On Friday Kansas City Chiefs GM Scott Pioli conducted his annual pre-draft press conference and talked about the 2011 NFL draft and how the Chiefs are preparing for it. When he walked into the room at 10:01 a.m. on Friday, he said he had been looking forward to the press conference because he had been cooped up in the same room with the same people for several weeks arguing.
He didn't mean they were arguing in a negative sense but that he encourages his scouts to have opinions and disagree in a positive way. In fact, he says, they encourage disagreement.
"We encourage it and it's important because we have a nice mix of older coaches and scouts and younger coaches and scouts," he said on Friday. "I think the younger generation sees how the older generation works and they're encouraged to speak up and/or disagree."
This is an interesting dynamic of the older scouts and younger scouts.

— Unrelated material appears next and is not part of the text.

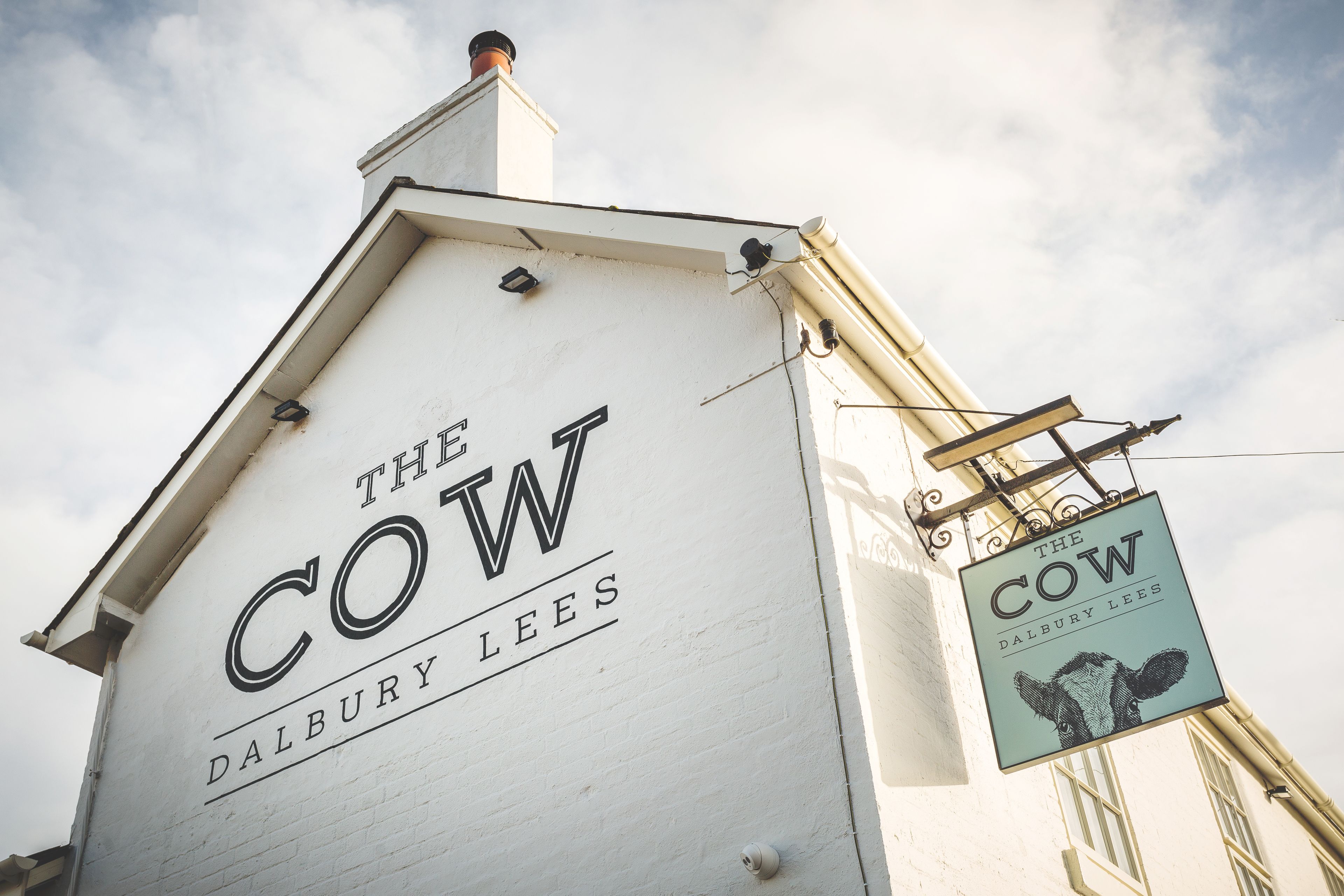 Een gebouw met een bord waarop 'The Cow Dalbury Lees' staat.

In my conversation with Pioli a few weeks ago, he told me a couple of old-school stories about the guys he learned from when he came into the league.
He says the scouting department is similar to the players (and coaches) in that you need to develop your own scouts. So it's important to note him talking about the "nice mix of older coaches and scouts and younger coaches and scouts" because the older guys are there not only to scout players, but to teach the younger scouts how they do things. He says they'll pair an older scout with a younger scout so that they can have continuity within the personnel department.
It makes sense on a number of levels. If your scouts are performing well, then that likely means the team is acquiring better players and performing better on the field. And when you have success, others want to replicate it. By that I mean other teams will want to come in and take your scouts or personnel executives away from you so you need another one waiting in the wings who understands the operation.
It's something we, as fans, don't really think about. We generally don't know the names of most scouts and we don't really know what they do on a daily basis. But their development is still critical for the Chiefs to sustain their success.